20. IRI

65.3K 4.9K 424
                                    


Semenjak hari itu, Niken memilih untuk mengalah. Kembali meredam egonya, memberi kesempatan lagi untuk Farhan. Meskipun sikapnya pada Nadia masih tetap sama. Entah mengapa, Niken tak bisa untuk menutupi perasaannya kepada Nadia. Bukan membenci atau dendam, tapi lebih ke rasa sakit hati. Sakit hati ketika membayangkan suaminya dan Nadia tidur bersama. Bahkan tinggal menghitung hari Nadia akan melahirkan.

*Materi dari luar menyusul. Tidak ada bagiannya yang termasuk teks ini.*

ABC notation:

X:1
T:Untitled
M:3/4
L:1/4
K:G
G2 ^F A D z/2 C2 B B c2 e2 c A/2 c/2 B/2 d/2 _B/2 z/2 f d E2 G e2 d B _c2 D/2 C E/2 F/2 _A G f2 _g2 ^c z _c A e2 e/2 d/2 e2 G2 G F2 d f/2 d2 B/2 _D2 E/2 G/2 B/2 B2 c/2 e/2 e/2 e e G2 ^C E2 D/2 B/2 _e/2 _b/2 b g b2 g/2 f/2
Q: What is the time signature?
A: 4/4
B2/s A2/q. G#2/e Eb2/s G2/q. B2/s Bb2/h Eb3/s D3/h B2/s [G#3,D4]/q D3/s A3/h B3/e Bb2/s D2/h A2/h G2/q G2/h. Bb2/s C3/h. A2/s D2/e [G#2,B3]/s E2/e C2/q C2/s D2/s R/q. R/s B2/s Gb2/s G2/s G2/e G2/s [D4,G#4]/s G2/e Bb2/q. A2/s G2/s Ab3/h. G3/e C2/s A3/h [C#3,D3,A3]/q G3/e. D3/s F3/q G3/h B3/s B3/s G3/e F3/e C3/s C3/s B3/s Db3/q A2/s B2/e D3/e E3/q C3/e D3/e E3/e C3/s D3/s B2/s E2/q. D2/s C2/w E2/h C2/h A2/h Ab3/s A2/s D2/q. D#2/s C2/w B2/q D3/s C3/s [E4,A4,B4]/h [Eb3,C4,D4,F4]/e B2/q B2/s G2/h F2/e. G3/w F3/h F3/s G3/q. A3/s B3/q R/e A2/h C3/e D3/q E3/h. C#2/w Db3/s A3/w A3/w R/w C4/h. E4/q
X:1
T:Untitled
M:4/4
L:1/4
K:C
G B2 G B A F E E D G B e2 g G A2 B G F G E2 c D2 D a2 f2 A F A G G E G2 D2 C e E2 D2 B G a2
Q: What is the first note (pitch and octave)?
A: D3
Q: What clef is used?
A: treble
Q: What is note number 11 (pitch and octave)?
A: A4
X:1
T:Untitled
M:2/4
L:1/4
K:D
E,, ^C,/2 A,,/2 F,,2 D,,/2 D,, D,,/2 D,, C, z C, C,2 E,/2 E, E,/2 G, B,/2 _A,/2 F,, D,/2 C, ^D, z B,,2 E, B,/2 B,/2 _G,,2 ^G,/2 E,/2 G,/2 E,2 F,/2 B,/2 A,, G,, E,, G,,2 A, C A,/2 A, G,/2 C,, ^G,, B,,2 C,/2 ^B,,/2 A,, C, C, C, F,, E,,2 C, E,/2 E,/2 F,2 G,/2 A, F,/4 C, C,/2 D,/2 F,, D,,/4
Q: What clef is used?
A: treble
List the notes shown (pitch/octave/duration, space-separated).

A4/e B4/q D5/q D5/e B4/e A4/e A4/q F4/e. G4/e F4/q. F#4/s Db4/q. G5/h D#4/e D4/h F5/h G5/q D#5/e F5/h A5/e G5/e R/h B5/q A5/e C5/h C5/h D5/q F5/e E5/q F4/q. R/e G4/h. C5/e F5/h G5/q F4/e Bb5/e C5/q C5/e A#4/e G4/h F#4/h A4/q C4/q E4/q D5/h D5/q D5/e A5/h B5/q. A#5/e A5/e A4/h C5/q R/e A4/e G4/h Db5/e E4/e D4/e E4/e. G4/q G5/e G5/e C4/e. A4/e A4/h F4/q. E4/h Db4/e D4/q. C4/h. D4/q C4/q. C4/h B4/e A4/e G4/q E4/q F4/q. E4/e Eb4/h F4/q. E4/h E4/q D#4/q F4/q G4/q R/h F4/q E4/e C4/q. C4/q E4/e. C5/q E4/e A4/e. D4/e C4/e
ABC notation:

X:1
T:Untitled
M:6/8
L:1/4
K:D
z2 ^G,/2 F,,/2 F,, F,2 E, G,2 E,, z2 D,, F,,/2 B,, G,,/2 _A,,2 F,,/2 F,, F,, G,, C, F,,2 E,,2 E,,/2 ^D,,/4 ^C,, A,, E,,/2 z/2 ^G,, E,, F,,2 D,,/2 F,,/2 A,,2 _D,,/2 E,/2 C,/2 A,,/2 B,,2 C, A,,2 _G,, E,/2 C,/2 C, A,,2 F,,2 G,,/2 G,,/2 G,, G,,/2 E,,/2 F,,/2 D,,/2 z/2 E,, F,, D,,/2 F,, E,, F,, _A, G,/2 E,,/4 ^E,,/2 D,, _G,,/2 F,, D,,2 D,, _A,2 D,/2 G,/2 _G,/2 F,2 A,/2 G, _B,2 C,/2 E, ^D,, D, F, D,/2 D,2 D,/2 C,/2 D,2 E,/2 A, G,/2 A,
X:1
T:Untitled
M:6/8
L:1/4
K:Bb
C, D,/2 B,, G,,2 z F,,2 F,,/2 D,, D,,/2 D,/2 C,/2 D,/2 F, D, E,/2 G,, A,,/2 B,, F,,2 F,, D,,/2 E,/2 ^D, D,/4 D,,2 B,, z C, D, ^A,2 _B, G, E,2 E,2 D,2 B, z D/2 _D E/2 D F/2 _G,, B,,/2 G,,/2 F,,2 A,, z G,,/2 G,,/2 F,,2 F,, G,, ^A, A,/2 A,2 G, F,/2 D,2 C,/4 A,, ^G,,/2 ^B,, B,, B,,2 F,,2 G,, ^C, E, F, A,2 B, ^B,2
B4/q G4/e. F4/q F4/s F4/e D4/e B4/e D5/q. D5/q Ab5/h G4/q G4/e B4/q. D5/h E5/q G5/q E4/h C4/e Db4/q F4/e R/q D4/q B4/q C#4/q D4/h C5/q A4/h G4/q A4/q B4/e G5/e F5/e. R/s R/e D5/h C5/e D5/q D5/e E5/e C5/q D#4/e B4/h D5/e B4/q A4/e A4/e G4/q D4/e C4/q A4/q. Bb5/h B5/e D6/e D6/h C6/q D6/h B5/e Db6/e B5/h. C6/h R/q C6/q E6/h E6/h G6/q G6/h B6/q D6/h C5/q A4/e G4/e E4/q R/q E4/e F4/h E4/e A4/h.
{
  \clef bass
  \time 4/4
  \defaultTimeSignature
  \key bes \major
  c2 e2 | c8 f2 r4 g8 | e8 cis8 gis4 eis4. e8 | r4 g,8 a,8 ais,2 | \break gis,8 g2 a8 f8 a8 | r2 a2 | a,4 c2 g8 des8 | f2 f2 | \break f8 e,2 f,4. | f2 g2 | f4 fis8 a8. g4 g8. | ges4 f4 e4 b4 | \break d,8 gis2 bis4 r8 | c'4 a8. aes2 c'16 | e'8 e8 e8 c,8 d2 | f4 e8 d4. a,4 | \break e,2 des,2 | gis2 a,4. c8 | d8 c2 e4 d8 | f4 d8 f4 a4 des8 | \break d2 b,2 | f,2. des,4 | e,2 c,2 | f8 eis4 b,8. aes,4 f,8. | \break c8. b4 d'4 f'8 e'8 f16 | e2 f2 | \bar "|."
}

Melihat perhatian Farhan kepada Nadia juga cukup membuat iri dalam hatinya. Memang harusnya dia bisa lebih berbesar hati, dan lebih belajar untuk ikhlas. Tapi sulit. Sangat sulit. Meskipun sudah sering ia mencobanya.
Seperti saat ini, Niken baru saja pulang. Lelah begitu menderanya. Begitu ia masuk ke rumah, ia mendapati Farhan sedang memijit betis Nadia. Hal itu membuat Niken ingat saat dirinya sedang hamil Naura. Saat itu, Farhan juga sering memijitnya. Namun hanya saat hamil Naura Farhan melakukan itu. Saat kehamilan Aira, Farhan benar-benar sama sekali tidak ada perhatian terhadap Niken. Bahkan pernah Niken mengalami kontraksi palsu, tapi Farhan tidak mau mengantarnya ke Puskesmas. Pekerjaan menjadi alasannya. Memang saat itu keadaan ekonomi mereka, membuat mereka hanya mampu mengecek kandungannya di Puskesmas yang lebih terjangkau. Akhirnya Niken pergi sendiri ke Puskesmas bersama tukang becak yang kebetulan lewat di depan kos mereka.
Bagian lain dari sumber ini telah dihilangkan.